BPD has not released Abdullah’s name, the names of any of the shooting officers, or the officer reported to have been shot in the foot. Three members of the arabber community and one of Abdullah’s family members have confirmed his identity to Baltimore Beat.
Abdullah, who was known as “BJ” for Bilal Junior, was born into arabbing, or the tradition of selling produce along city streets in a colorful horse-drawn wagon, enticing customers with distinctive cries for watermelons, cantaloupe, or other fruit.
“[He] came up in the stables. His dad had a lot of horses and he was one of the most hardcore arabbers for a number of years,” says M. Holden Warren, former president of Baltimore’s Arabber Preservation Society and co-founder of Stable Baltimore, a nonprofit dedicated to horse culture and healing in Baltimore. “Every day, he was out with a horse covering the whole city. He went [the] distance.”
“He had customers everywhere. He was one of the old-school guys. He had real routes. People relied on him.”
Levar Mullen, a life-long arabber and violence interrupter who also co-founded Stable Baltimore, has known Abdullah all his life. He recalls that when Abdullah was too young to go arabbing himself, “every time we would go through there with a wagon, man, he would follow us for blocks. When I tell you about the term ‘horse crazy,’ it was BJ,” Mullen says.
“I walk about 24 miles a day,” Abdullah told Mic in a 2018 story. “I gotta keep new shoes. The soles be gone on them.” He said that he would often take kids on his route.

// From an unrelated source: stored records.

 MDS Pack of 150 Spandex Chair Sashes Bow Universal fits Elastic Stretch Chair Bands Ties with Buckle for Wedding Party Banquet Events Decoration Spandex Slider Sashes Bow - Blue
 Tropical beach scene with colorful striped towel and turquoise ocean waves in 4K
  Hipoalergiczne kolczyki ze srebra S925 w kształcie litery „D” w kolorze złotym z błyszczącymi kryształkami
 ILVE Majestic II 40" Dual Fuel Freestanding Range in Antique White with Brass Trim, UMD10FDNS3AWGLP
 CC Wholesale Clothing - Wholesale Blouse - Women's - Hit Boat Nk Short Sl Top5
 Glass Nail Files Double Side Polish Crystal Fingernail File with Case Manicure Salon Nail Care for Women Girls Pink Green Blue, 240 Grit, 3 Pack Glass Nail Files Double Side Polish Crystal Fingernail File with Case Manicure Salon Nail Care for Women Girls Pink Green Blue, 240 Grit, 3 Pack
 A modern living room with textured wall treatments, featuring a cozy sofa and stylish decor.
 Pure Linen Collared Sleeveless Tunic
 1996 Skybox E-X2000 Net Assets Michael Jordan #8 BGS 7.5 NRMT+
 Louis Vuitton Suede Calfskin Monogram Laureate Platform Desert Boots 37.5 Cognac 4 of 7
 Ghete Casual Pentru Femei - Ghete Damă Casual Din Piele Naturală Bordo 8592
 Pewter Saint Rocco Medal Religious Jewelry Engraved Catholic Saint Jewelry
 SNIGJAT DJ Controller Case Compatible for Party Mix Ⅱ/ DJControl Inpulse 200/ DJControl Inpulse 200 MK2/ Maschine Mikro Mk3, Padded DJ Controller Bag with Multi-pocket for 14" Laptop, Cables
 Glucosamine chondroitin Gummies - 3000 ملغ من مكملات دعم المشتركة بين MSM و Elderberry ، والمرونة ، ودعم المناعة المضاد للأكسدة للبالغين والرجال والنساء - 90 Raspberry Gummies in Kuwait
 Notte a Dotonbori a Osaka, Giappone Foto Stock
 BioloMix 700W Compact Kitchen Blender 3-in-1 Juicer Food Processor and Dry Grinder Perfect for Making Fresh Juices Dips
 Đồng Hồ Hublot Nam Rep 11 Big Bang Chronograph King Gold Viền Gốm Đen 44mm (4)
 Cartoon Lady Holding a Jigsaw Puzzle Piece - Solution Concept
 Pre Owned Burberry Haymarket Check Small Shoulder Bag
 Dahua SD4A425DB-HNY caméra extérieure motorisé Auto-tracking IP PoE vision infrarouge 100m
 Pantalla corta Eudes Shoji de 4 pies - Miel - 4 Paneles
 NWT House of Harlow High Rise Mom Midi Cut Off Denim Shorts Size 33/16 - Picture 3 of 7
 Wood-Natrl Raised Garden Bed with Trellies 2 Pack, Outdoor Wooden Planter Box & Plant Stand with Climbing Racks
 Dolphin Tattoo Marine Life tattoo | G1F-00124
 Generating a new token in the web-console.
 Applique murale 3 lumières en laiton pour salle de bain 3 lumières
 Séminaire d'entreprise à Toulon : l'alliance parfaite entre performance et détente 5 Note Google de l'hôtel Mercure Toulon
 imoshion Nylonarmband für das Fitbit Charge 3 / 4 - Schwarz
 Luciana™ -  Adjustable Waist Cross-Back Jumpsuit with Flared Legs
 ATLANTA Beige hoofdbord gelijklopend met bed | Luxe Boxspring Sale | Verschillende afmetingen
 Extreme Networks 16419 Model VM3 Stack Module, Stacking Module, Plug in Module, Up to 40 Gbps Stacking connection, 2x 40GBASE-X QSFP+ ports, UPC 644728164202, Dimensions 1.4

Abdullah was the subject of a lengthy Eater profile in 2014, where he was dubbed “the last of the arabbers.”
“If I didn’t have this wagon, the police would be chasing me,” Abdullah told Eater more than a decade ago. According to BPD, that is what happened on Tuesday night.
“On June 17, 2025, at approximately 7:17 p.m., Officers were patrolling near the intersection of Pennsylvania Avenue and Laurens Street when they observed an adult male believed to be armed,” BPD spokesperson Lindsey Eldridge wrote in a statement. They did not provide information on why the officers believed him to be armed.
Commissioner Richard Worley told reporters at a news briefing that the person began to run. According to police, the individual they were chasing fired a weapon, hitting a veteran officer in the foot as three officers opened fire on him.
“On June 17, 2025, at approximately 7:17 p.m., Officers were patrolling near the intersection of Pennsylvania Avenue and Laurens Street when they observed an adult male believed to be armed,” BPD spokesperson Lindsey Eldridge wrote in a statement. They did not provide information on why the officers believed him to be armed.
The Office of the Attorney General will be investigating the shooting, as it has since October 2023, when a new law gave that office, instead of the State’s Attorney’s Office, the power to investigate police shootings.
“The AG’s Office will release the identity of male and officers,” BPD’s Eldridge wrote in response to questions about the identity of those involved, noting that it usually takes “within 2-4 business days.” Eldridge also said that BPD would be releasing body camera footage in accordance with its policies.
Abdullah, who had worked out of the Fremont Street stable, a short distance from where he was shot, was well known in the community. A stand-off developed between residents and police, as dozens of officers were deployed to the area, while people expressed anger and grief.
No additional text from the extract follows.